HIPAA Security Risk Assessment for Texas FQHCs

Quick answer: Texas FQHCs operate under both the federal HIPAA Security Rule and the Texas Medical Records Privacy Act (HB 300, codified at Texas Health & Safety Code Chapter 181), which imposes stricter-than-federal requirements — including expanded “covered entity” definitions, mandatory customized employee training within 90 days of hire, and tighter consumer-access timelines. A Texas FQHC’s annual Security Risk Analysis therefore has to document HB 300 training and state breach obligations alongside the federal safeguards.

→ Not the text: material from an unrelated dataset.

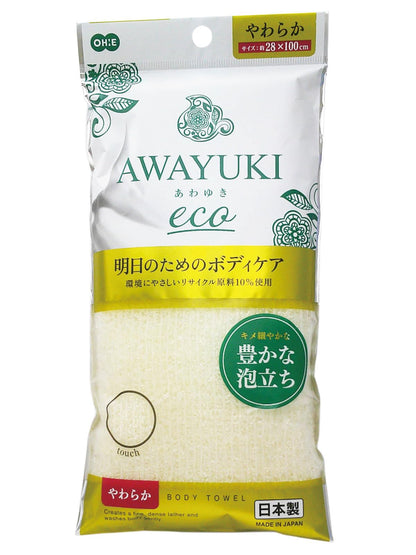 Ohe Body Towel Soft Nylon Eco-Friendly 28cm x 100cm White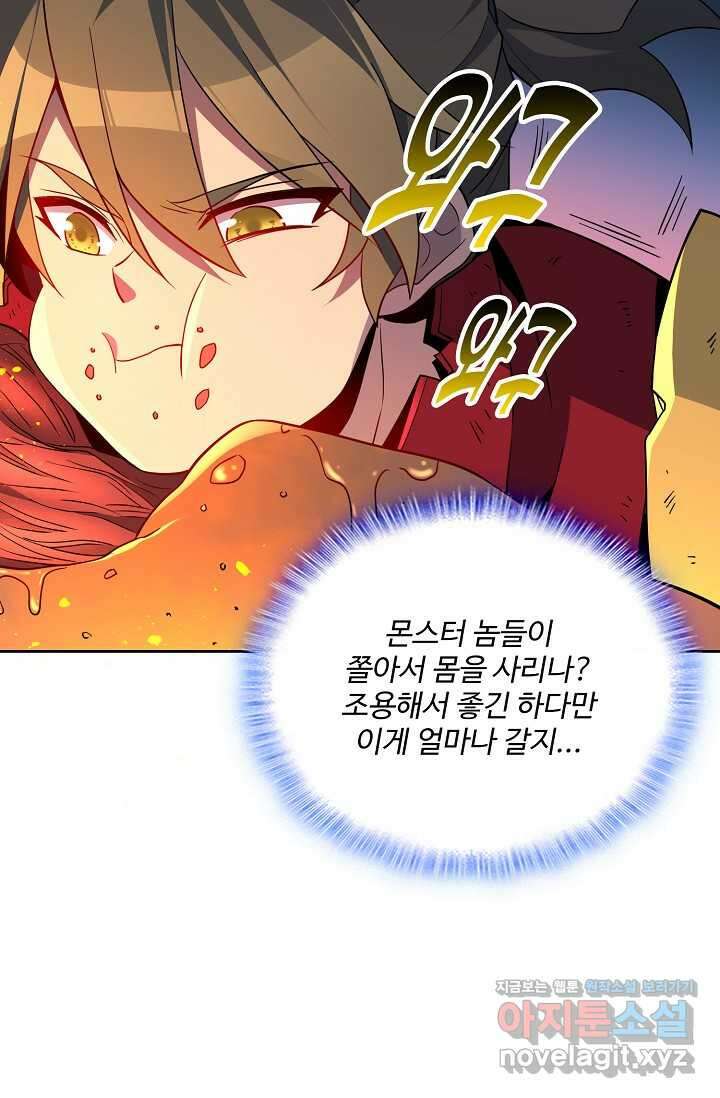 멸망할 도시의 회귀자 183화 50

Why Texas FQHCs Are a Distinct Compliance Case

Texas has the second-largest Federally Qualified Health Center footprint in the country (current counts at data.hrsa.gov), a broad rural and border-clinic distribution, and an enforcement posture under the Texas Attorney General that has produced some of the more aggressive state-level privacy actions in the U.S. On top of HRSA Operational Site Visit review against the Health Center Program Compliance Manual, Texas FQHCs are subject to HB 300 — Texas Health & Safety Code Chapter 181 — which extends “covered entity” status beyond HIPAA’s definition and adds specific workforce-training and consumer-access duties.

OCR’s 2026 enforcement record makes this stack non-negotiable: every Security Rule settlement closed this year traced to an inadequate or missing risk analysis. For a Texas FQHC, that federal exposure compounds with HB 300 enforcement risk if training and access controls aren’t documented.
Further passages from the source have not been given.